Caption-style text data:

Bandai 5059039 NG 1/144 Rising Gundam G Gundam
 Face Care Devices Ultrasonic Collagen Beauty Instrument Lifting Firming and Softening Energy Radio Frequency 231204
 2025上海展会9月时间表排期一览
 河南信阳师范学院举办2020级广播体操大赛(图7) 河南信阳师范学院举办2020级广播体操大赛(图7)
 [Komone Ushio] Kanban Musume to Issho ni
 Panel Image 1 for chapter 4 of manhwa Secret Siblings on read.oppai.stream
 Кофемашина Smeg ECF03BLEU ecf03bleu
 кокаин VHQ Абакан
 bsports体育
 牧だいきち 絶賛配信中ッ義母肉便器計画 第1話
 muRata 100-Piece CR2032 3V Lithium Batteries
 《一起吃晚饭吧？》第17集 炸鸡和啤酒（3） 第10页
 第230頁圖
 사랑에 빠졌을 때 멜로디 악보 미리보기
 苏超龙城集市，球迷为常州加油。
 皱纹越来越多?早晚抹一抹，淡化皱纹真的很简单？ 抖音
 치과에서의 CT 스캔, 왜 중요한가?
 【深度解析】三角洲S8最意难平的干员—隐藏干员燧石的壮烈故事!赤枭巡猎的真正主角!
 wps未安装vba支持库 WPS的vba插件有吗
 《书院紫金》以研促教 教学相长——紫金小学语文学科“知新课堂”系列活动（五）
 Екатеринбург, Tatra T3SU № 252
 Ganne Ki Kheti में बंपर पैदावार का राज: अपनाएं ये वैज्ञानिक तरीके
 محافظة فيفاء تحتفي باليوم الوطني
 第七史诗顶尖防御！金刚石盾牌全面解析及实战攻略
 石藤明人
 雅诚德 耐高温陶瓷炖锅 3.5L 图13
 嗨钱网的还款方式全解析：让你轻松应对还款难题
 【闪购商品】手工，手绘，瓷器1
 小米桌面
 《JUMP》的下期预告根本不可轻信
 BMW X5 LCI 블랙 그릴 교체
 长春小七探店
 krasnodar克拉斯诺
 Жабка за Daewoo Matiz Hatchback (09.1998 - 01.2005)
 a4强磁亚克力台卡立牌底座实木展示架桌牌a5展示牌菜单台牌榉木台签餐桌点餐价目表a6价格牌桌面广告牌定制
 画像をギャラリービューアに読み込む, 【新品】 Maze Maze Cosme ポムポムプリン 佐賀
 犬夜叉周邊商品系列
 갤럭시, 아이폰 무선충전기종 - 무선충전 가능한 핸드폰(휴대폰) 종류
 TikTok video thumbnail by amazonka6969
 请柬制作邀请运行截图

* _AIM OF THE EXERCISE_
Print all records shown above, word for word.

* _WRITTEN REPLY_
Bandai 5059039 NG 1/144 Rising Gundam G Gundam
 Face Care Devices Ultrasonic Collagen Beauty Instrument Lifting Firming and Softening Energy Radio Frequency 231204
 2025上海展会9月时间表排期一览
 河南信阳师范学院举办2020级广播体操大赛(图7) 河南信阳师范学院举办2020级广播体操大赛(图7)
 [Komone Ushio] Kanban Musume to Issho ni
 Panel Image 1 for chapter 4 of manhwa Secret Siblings on read.oppai.stream
 Кофемашина Smeg ECF03BLEU ecf03bleu
 кокаин VHQ Абакан
 bsports体育
 牧だいきち 絶賛配信中ッ義母肉便器計画 第1話
 muRata 100-Piece CR2032 3V Lithium Batteries
 《一起吃晚饭吧？》第17集 炸鸡和啤酒（3） 第10页
 第230頁圖
 사랑에 빠졌을 때 멜로디 악보 미리보기
 苏超龙城集市，球迷为常州加油。
 皱纹越来越多?早晚抹一抹，淡化皱纹真的很简单？ 抖音
 치과에서의 CT 스캔, 왜 중요한가?
 【深度解析】三角洲S8最意难平的干员—隐藏干员燧石的壮烈故事!赤枭巡猎的真正主角!
 wps未安装vba支持库 WPS的vba插件有吗
 《书院紫金》以研促教 教学相长——紫金小学语文学科“知新课堂”系列活动（五）
 Екатеринбург, Tatra T3SU № 252
 Ganne Ki Kheti में बंपर पैदावार का राज: अपनाएं ये वैज्ञानिक तरीके
 محافظة فيفاء تحتفي باليوم الوطني
 第七史诗顶尖防御！金刚石盾牌全面解析及实战攻略
 石藤明人
 雅诚德 耐高温陶瓷炖锅 3.5L 图13
 嗨钱网的还款方式全解析：让你轻松应对还款难题
 【闪购商品】手工，手绘，瓷器1
 小米桌面
 《JUMP》的下期预告根本不可轻信
 BMW X5 LCI 블랙 그릴 교체
 长春小七探店
 krasnodar克拉斯诺
 Жабка за Daewoo Matiz Hatchback (09.1998 - 01.2005)
 a4强磁亚克力台卡立牌底座实木展示架桌牌a5展示牌菜单台牌榉木台签餐桌点餐价目表a6价格牌桌面广告牌定制
 画像をギャラリービューアに読み込む, 【新品】 Maze Maze Cosme ポムポムプリン 佐賀
 犬夜叉周邊商品系列
 갤럭시, 아이폰 무선충전기종 - 무선충전 가능한 핸드폰(휴대폰) 종류
 TikTok video thumbnail by amazonka6969
 请柬制作邀请运行截图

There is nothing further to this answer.